*** SUPPLIED MATERIAL
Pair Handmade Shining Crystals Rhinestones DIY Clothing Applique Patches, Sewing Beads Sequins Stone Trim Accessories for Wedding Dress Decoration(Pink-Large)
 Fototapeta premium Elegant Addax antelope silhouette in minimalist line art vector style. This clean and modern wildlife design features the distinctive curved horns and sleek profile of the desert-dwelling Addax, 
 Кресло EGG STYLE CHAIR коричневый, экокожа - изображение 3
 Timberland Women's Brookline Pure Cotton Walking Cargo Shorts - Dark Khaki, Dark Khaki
******
### YOUR INSTRUCTIONS
All of the data, start to finish: please output it exactly.

### THE COMPLETED TASK
Pair Handmade Shining Crystals Rhinestones DIY Clothing Applique Patches, Sewing Beads Sequins Stone Trim Accessories for Wedding Dress Decoration(Pink-Large)
 Fototapeta premium Elegant Addax antelope silhouette in minimalist line art vector style. This clean and modern wildlife design features the distinctive curved horns and sleek profile of the desert-dwelling Addax, 
 Кресло EGG STYLE CHAIR коричневый, экокожа - изображение 3
 Timberland Women's Brookline Pure Cotton Walking Cargo Shorts - Dark Khaki, Dark Khaki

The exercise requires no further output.